We live with mild pathogens all the time. The rhinovirus responsible for the common cold affects tens of millions of people each year, and while a cold is certainly an inconvenience, it’s not going to kill you. Ewald imagines that with careful management we ought to be able to turn a lot more pathogens into benign, rhinolike strains. “People tend to think about evolution as a source of problems,” he says, noting in particular the evolution of antibiotic resistance. But Ewald sees it as “a source of solutions.” Though we generally imagine the evolutionary process as taking place over thousands, if not millions, of years, it can occur extremely quickly. Antibiotic resistance may develop in just a few weeks if the use of the antibiotic is sufficiently widespread.
One way to direct an organism’s evolution is to control its means of transmission. In general, the harder it is for an organism to jump from one host to another, the less virulent it is forced to become. In the case of waterborne diseases like cholera, that means proper treatment of effluent. Insects such as fleas and mosquitoes are often another means of transmission, what epidemiologists call a vector. Controlling a vector-driven disease like malaria is largely a matter of combating the spread of the vector itself. In the developed world where we have controlled mosquitoes and can usually rely on our water supply, malaria, cholera, typhoid and dysentery (the latter two bacterial waterborne diseases) have been almost entirely eradicated from our lives. Yet, ironically, with the airplane we have introduced a new form of airborne vector that is proving almost as lethal as the mosquito. Not just SARS but also AIDS has been propagated around the world by this ruthlessly efficient mechanism.
The good news is that Ewald believes the data shows that the SARS virus is not as easily transmissable as feared, and while there will continue to be hotspots, we will not be seeing a repeat of the 1918 flu pandemic.
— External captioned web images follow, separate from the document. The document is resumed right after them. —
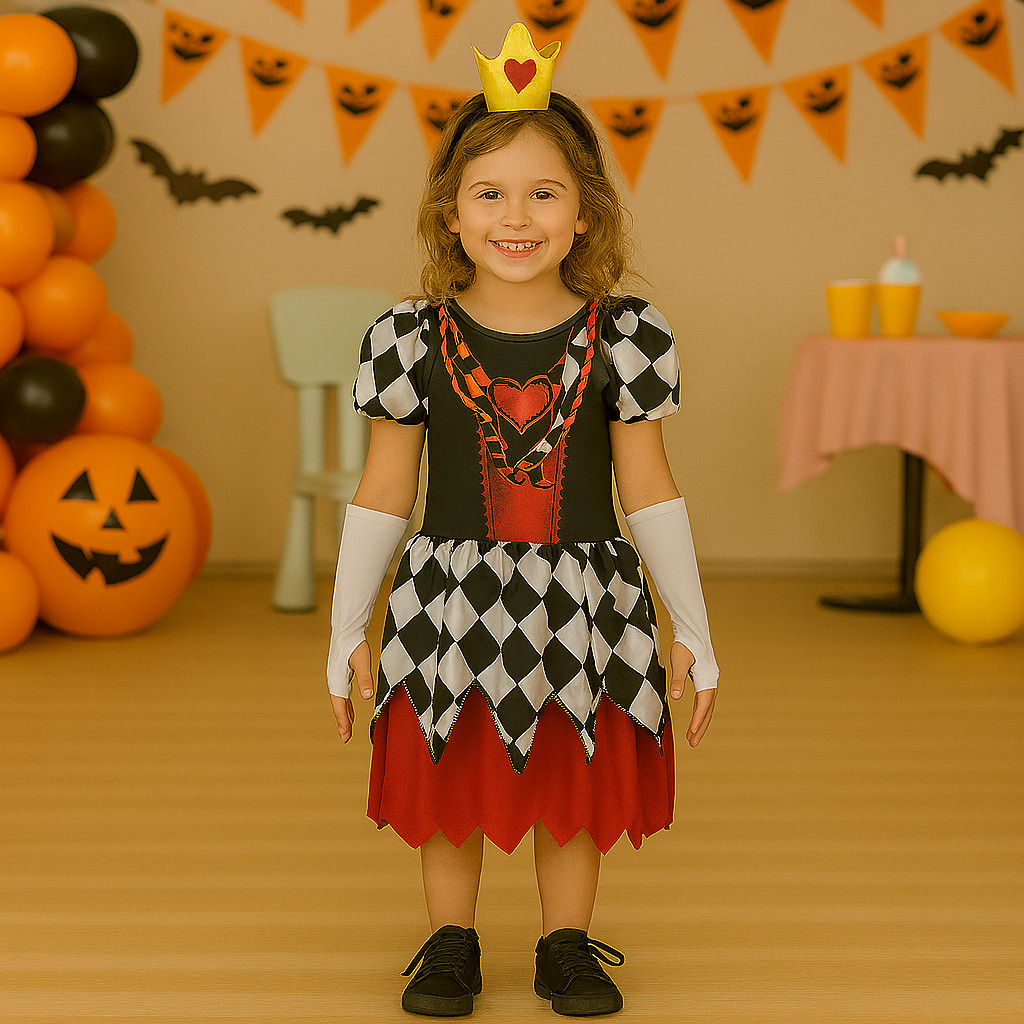 Fantasia Rainha De Copas Infantil Halloween Completo Cosplay | Shopee ...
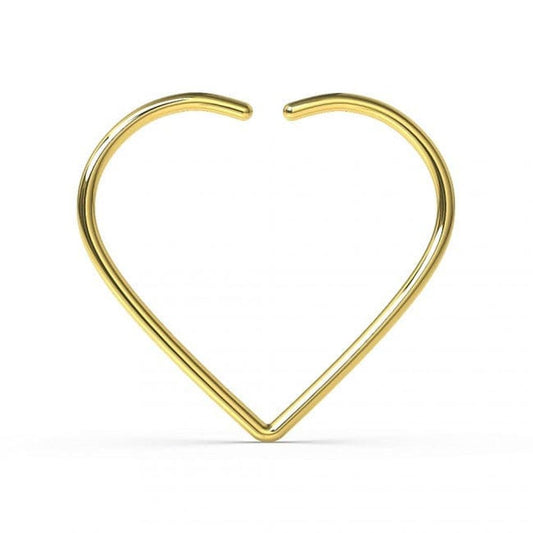 9ct Gold Heart Nose Ring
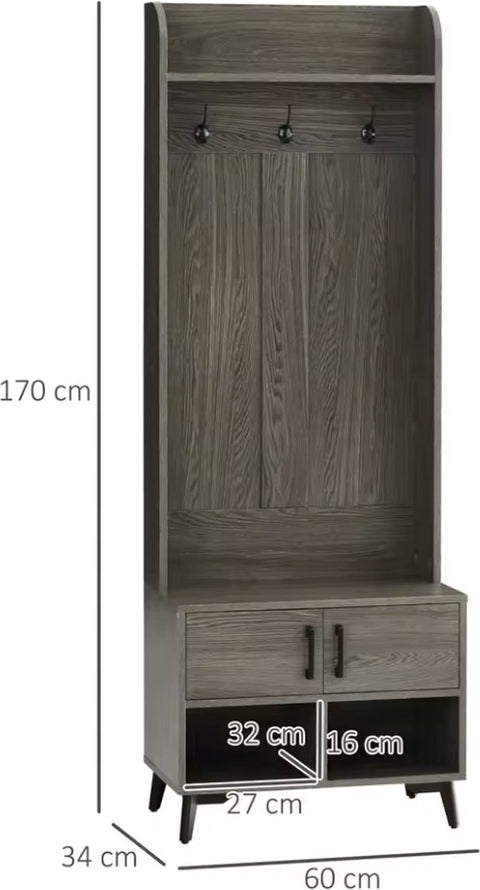 Kapstok - Garderobe rek - Kledingrek - 3 haken - Schoenen opslag - Plank - 2 deurtjes - Hout - Grijs - 60x34x170cm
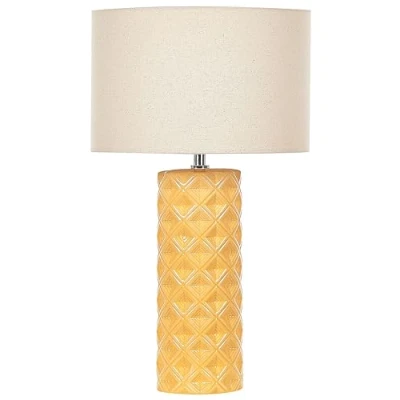 Image of Ceramic Bedside Table Lamp Beige Drum Shade Geometric Pattern Yellow Balonne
Whatever happens, evolution will continue its onward march. Genes will recombine in unexpected ways, producing novel variants on old pathogenic themes: New varieties of colds, flus, poxes, coronaviruses, immunodeficiency viruses and things yet undreamed of inevitably await us. Like HIV, coronaviruses mutate at a very high rate and are found throughout the animal kingdom. A coronavirus vaccine widely used to immunize chickens against a form of bronchitis has recently combined with other strains to form a lethal new variety: Denied access to the birds’ lungs, the virus now attacks the kidneys.
Ewald believes that such a shift is unlikely to occur with human coronaviruses, but vigilance must be our catchcry. “We can be absolutely certain that viruses are mutating all around us,” he says. At least once a century we should expect to see a major new disease on the order of AIDS or smallpox. “It’s these big ones that we need to make sure we recognize early” and stop before they get a firm toehold in the human population. Evolution can be our ally, he says; seen from the right viewpoint, it is a power we can harness.
Unfortunately, Ewald’s approach is not likely to win him friends in the pharmaceutical industry. Unlike drugs, cultural control techniques cannot be patented, and to date his ideas have remained on the margins of public-health policy. But we are beginning to see the start of a paradigm shift and he is confident that an evolutionary perspective will eventually revolutionize our response to disease.